Post-electoral: Informal militias patrol Maputo neighborhoods
Picture: DW
Mozambique’s Electoral Administration Technical Secretariat (STAE) registered over 90 per cent of the potential electorate in the country’s 53 municipalities in the voter registration that ran from 19 March to 17 May.
According to the preliminary results from the registration, issued by STAE on Thursday, 3,910,744 voters registered out of an estimated potential electorate of 4,328,818, or 90.34 per cent.
This figure is much lower than in previous STAE announcements.
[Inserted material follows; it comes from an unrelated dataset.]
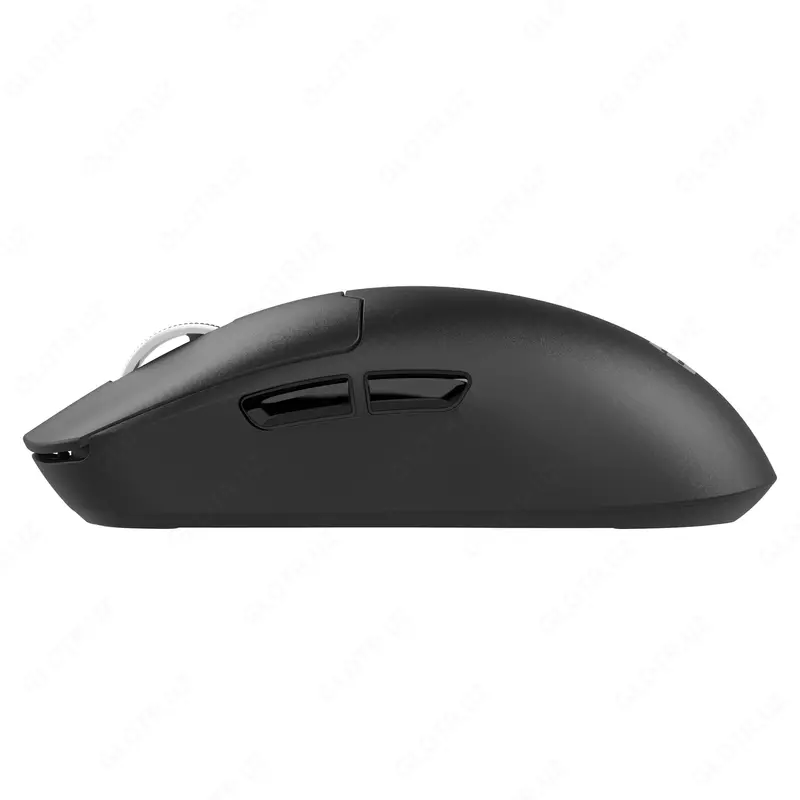  2E GAMING MG355 WL sichqonchasi  USB-A/WL  qora -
That is because the registration took place in all districts which contain municipalities, which gave a figure for the estimated electorate of 7,599,200.
However, the municipal elections scheduled for 10 October will only take place in the municipal areas, and so the latest STAE data omit those parts of districts which are not in municipalities.
Some of the municipalities greatly exceeded their target figures. Thus the six municipalities in the southern province of Gaza, taken together, registered 130.6 per cent of the electorate that the National Statistics Institute (INE) estimated, based on the population census of August 2017.
Within Gaza, the town of Mandlakazi registered an astonishing 363.6 per cent of its target. The STAE target for Mandlakazi was only 5,790, making it the smallest municipality in the country. The number of voters who registered was 21,056.
But there is something seriously wrong about the initial Mandlakazi estimate, since at the last local elections, in 2013, the total number of registered voters was 10,841. The Mandlakazi electorate cannot have shrunk by almost 50 per cent in five years.
There is a similar problem, albeit not so acute, in the Bilene Beach municipality, also in Gaza. The target figure was 5,861, and 8,240 voters were registered, a success rate of 140.6 per cent. But in 2013, the registered electorate in Bilene was 5,941. There seems no good reason why the population of Bilene, a busy tourist resort, would have declined in the past five years.
Other provinces that exceeded their targets were in the centre of the country – Tete (118.04 per cent), Manica (107.57 per cent) and Sofala (104.98 per cent). All four municipalities in Tete beat their targets, and none more so that Ulongue, with 227.58 per cent (registering 21,509 people, when the target was 9,451). But in 2013, the registered electorate in Ulongue was 19,224. So this also seems to be a case where the initial target was a gross underestimate of the number of people of voting age in the municipality.
At the other end of the scale, the province with the worst registration figure was Maputo City. Only 616,082 voters registered out of a target of 796,965 – or 77.3 per cent. Within Maputo, the lowest registration rate (67.53 per cent) came from the Kampfumo urban district, right in the heart of the city, which is the richest and most literate few square kilometres in the country.
Contacted by AIM, STAE spokesperson Claudio Langa said that the estimates for the potential electorate in each of the municipalities were provided by INE. STAE could thus not explain cases such as Mandlakazi, where the target figure was much lower than the 2013 registered electorate.
Langa said these figures are still only preliminary because STAE must now centralise all the data from the provinces on the same computerised data base, and check them for any mistakes or for people who may have registered more than once. The data are then sent to the National Elections Commission (CNE), and only after the CNE has validated them are they considered definitive.